# Saint Colman Glasgow



## mac 1 (Aug 19, 2010)

Does anyone know what became of this coaster.She belonged to Gardners of Glasgow and was launched around 1963.
Cheers Mac


----------



## A.D.FROST (Sep 1, 2008)

mac 1 said:


> Does anyone know what became of this coaster.She belonged to Gardners of Glasgow and was launched around 1963.
> Cheers Mac


SAINT COLMAN
81;CLAUDIAP.
83;ORPENA
91;CONCIERCE
93;VELDA
99;ST.COLMAN
Nothing coming up on Marine Traffic to date?


----------



## BillH (Oct 10, 2007)

SAINT COLMAN is still recorded on the "Equasis" website as owned, since August 1999, by Roseda Shipping of Panama City but flying the Honduras flag.

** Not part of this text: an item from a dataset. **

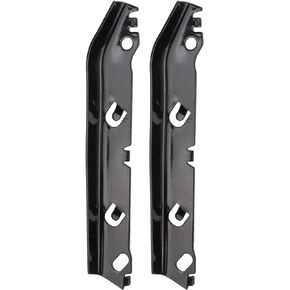 Carbbia Front Bumper Bracket Left and Right Side Iron Hold Mount Compatible with BM 3 Series E90 2006-2012, Black, 1 Pair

The last update to her entry was on 24th October 2012.


----------



## mac 1 (Aug 19, 2010)

*Saint Colman Glasgow.*

Thanks lads for the info.Its good to hear that the old girl is still about and coming 40.
Best regards
Mac


----------



## Wribbenhall (Mar 19, 2009)

mac 1 said:


> Thanks lads for the info.Its good to hear that the old girl is still about and coming 40.
> Best regards
> Mac


 She's Coming Up to *50* Mac ! (1963-2013)
Best Regards
W.B.H.


----------



## mac 1 (Aug 19, 2010)

*Saint Colman Glasgow.*

50 indeed,you are quite right.I remember her coming to Newry as a new ship carrying coal for Fishers.Gardners did a lot into the port of Newry and She was named after the local patron saint.
In January 1968 the Saint william collided with the sea gates at Victoria Locks on the Newry Canal closing the port for a year.
A local man,Captain Leonard Hollywood (RIP) was in the Falklands with Gardners.Have they any ships now?
Cheers Mac.


----------



## Rob Shand (Dec 11, 2011)

I sailed on the 'Colman' back in 1980, for a few months. She looked old then!....good to hear she's still floating about.


----------



## mac 1 (Aug 19, 2010)

*Saint Colman Glasgow.*



Rob Shand said:


> I sailed on the 'Colman' back in 1980, for a few months. She looked old then!....good to hear she's still floating about.


Thanks Rob.It would be nice to see an updated photo of her.Back in the 70s Jack Taylor RIP was the Captain and Charlie Adair was master of the Saint William.I think Charlie is deceased now too.Gardners certainly were a busy company and visited almost daily with coal cargos.
Cheers Mac.


----------